Saved entries:
-- -- --
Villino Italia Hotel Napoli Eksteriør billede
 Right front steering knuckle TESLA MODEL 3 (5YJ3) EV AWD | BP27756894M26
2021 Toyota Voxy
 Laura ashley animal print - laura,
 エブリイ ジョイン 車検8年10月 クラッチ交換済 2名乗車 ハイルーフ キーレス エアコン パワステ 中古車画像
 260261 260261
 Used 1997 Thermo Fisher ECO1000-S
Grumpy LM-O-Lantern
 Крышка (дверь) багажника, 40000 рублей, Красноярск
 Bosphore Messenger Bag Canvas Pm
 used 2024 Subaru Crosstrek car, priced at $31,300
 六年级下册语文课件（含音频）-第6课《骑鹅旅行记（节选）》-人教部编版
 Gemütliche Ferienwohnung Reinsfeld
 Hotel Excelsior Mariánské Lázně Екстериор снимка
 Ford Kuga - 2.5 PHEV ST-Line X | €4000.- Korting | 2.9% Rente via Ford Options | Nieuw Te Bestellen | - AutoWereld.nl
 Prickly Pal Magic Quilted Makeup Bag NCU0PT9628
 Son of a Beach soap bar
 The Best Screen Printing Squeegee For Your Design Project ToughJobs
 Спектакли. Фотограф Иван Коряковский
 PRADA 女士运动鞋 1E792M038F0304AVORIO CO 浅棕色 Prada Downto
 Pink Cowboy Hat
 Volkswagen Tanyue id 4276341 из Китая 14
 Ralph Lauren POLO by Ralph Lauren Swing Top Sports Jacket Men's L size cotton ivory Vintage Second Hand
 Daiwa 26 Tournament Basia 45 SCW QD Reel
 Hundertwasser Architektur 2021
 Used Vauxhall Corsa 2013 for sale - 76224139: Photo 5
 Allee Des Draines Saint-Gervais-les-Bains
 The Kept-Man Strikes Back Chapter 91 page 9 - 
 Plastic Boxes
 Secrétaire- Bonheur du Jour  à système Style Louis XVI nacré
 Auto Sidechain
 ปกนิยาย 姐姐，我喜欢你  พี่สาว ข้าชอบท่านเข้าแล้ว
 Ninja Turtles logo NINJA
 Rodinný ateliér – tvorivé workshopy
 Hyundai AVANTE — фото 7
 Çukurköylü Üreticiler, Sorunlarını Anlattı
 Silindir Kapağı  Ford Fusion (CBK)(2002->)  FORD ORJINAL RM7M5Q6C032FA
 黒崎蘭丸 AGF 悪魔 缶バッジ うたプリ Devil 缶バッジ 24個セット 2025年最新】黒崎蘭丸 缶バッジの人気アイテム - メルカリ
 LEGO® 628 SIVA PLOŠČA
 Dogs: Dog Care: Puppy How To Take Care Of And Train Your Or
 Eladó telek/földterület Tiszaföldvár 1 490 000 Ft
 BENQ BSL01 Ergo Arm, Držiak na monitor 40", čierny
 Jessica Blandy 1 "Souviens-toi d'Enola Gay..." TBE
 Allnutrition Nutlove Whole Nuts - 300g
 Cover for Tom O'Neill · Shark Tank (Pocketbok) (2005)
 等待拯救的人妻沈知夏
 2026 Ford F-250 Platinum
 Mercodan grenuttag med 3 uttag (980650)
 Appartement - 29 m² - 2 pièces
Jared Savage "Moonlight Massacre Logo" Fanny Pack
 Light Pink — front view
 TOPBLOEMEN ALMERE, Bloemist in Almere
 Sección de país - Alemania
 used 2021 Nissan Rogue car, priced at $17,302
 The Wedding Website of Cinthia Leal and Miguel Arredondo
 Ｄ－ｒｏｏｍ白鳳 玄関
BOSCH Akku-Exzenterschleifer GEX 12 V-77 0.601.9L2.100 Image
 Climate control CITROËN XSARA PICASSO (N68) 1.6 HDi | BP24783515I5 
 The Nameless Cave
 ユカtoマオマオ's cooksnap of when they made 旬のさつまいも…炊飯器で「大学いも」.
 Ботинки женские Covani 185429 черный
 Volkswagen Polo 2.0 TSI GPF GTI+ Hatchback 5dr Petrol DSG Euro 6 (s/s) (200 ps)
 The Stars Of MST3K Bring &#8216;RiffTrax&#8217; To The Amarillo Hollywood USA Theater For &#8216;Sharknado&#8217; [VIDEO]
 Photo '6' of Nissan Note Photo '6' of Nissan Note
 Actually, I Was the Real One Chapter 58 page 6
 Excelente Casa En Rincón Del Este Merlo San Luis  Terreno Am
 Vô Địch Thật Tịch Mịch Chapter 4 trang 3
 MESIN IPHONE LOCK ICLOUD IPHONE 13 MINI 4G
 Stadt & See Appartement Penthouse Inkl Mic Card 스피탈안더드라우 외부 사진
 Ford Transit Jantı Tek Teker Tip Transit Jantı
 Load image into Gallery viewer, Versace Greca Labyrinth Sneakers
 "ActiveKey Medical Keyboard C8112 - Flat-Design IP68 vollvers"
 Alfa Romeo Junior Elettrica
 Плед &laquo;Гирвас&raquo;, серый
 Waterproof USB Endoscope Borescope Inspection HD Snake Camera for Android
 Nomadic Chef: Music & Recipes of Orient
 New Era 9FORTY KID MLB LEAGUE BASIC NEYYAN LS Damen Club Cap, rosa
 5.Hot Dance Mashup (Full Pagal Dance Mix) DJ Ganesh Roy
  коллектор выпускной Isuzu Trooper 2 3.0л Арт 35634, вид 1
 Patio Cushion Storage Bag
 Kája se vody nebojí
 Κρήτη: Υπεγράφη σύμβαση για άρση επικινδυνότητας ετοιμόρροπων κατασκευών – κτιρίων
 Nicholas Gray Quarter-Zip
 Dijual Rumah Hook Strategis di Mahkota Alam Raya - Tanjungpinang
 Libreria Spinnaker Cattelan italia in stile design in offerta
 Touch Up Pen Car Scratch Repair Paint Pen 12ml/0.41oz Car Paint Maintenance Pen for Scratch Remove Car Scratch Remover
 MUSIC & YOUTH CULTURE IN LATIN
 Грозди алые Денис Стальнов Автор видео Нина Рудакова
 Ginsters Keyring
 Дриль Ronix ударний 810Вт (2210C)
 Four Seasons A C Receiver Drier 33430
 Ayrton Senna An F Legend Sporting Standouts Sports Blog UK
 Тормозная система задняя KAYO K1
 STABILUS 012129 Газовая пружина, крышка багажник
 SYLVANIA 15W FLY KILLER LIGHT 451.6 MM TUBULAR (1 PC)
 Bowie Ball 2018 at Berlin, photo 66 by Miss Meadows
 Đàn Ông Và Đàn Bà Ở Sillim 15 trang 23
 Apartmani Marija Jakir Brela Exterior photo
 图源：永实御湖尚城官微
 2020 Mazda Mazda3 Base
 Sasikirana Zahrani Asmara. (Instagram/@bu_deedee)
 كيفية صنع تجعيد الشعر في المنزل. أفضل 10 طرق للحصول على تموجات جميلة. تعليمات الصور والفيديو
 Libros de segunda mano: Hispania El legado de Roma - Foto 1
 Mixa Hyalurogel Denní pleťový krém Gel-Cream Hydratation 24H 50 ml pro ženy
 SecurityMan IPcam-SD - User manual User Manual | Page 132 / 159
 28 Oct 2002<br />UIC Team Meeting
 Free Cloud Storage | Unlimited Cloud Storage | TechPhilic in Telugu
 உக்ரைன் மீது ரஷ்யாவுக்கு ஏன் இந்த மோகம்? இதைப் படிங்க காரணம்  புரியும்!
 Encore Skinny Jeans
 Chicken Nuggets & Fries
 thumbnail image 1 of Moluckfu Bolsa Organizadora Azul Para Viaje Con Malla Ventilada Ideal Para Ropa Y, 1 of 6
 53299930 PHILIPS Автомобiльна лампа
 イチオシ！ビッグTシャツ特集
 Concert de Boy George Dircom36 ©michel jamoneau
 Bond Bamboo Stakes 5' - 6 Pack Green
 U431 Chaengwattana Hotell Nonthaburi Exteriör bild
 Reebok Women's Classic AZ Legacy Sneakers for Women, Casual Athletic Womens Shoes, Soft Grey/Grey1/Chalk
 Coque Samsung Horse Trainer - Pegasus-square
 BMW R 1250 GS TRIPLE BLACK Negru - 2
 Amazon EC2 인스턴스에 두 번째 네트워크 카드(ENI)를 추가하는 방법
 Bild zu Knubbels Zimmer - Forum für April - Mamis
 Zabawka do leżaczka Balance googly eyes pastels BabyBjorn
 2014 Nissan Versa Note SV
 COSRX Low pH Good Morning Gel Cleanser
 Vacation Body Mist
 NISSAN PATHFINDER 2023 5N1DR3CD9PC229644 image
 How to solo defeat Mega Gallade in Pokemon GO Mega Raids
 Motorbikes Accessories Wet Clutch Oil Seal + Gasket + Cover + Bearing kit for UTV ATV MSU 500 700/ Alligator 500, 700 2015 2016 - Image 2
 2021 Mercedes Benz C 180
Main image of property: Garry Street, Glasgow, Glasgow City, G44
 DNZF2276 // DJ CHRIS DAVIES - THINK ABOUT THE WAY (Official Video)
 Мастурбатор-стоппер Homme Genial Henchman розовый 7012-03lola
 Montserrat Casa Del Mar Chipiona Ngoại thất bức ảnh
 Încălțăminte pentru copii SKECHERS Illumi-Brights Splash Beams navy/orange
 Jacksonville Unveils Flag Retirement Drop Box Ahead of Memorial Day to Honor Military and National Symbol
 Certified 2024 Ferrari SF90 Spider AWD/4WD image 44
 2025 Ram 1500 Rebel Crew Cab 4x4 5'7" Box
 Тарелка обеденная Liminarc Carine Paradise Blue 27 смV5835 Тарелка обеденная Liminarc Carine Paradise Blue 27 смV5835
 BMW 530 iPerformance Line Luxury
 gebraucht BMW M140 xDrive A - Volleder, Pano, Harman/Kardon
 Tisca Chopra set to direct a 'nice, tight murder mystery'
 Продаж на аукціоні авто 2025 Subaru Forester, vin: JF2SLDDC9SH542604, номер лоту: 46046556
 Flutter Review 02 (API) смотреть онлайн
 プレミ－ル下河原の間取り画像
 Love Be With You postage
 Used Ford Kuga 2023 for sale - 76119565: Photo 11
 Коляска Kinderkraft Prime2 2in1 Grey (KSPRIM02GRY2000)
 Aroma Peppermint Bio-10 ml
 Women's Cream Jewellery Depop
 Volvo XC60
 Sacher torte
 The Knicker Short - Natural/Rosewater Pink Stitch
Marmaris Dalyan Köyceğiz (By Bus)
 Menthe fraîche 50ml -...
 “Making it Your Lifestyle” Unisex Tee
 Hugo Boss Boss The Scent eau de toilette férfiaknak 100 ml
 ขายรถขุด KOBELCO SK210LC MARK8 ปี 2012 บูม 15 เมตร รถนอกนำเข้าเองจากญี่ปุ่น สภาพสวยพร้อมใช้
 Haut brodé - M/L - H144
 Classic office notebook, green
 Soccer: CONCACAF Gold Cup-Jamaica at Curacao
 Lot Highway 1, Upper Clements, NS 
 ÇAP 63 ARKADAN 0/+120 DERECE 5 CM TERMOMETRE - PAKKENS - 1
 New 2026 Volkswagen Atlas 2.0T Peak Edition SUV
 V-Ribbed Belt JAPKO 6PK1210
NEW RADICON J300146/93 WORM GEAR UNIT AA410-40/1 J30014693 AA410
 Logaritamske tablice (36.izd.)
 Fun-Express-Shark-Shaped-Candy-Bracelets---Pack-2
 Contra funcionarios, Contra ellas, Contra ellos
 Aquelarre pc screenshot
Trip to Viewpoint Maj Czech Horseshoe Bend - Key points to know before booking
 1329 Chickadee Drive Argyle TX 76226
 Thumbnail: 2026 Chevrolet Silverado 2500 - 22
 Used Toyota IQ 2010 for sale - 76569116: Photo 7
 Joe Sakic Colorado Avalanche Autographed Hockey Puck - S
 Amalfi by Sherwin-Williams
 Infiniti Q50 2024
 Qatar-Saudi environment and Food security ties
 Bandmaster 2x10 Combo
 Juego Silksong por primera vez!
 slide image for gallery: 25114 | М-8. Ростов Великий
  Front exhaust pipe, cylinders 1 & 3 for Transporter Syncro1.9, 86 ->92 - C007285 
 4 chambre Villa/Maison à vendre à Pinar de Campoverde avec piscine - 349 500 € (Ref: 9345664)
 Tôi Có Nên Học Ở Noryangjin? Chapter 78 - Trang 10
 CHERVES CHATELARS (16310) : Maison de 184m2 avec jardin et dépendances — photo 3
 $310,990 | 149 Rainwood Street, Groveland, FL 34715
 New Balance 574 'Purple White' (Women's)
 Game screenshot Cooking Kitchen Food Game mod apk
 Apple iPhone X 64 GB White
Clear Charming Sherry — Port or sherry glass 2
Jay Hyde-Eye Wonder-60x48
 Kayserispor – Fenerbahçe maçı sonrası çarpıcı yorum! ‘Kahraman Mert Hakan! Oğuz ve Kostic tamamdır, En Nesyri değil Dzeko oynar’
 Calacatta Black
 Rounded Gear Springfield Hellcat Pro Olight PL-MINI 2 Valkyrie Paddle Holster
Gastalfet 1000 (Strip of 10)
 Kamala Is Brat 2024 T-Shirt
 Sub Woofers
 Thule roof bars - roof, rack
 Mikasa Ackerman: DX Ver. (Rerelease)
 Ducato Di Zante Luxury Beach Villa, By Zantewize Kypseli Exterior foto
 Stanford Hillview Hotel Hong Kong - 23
-- -- --
_Exercise objective:_ Identify every line above with the string "Cream" in it. Copy those lines.

_Solution to the exercise:_
 Mixa Hyalurogel Denní pleťový krém Gel-Cream Hydratation 24H 50 ml pro ženy
 Women's Cream Jewellery Depop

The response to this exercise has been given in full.